Jakarta Kelompok buruh mengaku tak sepakat dengan hasil penghitungan angka kemiskinan oleh Badan Pusat Statistik (BPS). Lantaran, hitungannya dinilai berbeda dengan standar internasional.
Presiden Konfederasi Serikat Pekerja Indonesia (KSPI) Said Iqbal mengatakan BPS menggunakan metodologi dengan kondisi negara Indonesia berada di kelompok negara berpenghasilan rendah (low-income country).

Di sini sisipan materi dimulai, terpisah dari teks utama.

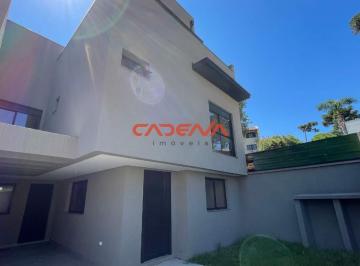 Casa · 120m² · 3 Quartos · 1 Vaga · Sobrado com 3 quartos e 1 vaga à venda no Mercês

Padahal saat ini Indonesia sudah ditempatkan sebagai negara berpenghasilan menengah level atas (upper-middle-income country).
BPS masih menggunakan batas orang miskin yang berpenghasilan sekitar USD 2,5 PPP (purchasing power parity) per hari, sehingga didapatkan jumlah orang miskin di Indonesia sebanyak 8,57% atau sekitar 24 jutaan orang, kata Said dalam keterangannya, Rabu (30/7/2025).
Dia mencoba mengasumsikan dengan hitungan internasional, yakni orang berpenghasilan USD 3 PPP dikategorikan miskin ekstrem. Bagi Indonesia yang masuk kategori upper-middle-income country, bila menggunakan titik tengah penghasilan orang miskin sebesar USD 5 PPP per hari (sekitar Rp 756.000 per bulan), maka angka kemiskinannya berjumlah sekitar 68 juta orang.
Bahkan Bank Dunia melansir jumlah orang miskin di Indonesia dengan pendapatan sekitar USD 6,5 PPP per hari (sekitar Rp 1,2 juta per bulan), maka jumlah orang miskin di Indonesia adalah 68% atau sekitar 190 juta orang, tuturnya.
Data BPS yang bias ini menunjukkan orang kaya di Indonesia makin kaya, dan orang miskin makin miskin. Terutama di kelompok buruh yang dikelompokkan mendekati miskin (near poor) akan jatuh menjadi orang miskin ketika terjadi PHK dan tidak mendapat bantuan sosial dari pemerintah, sambung Said Iqbal.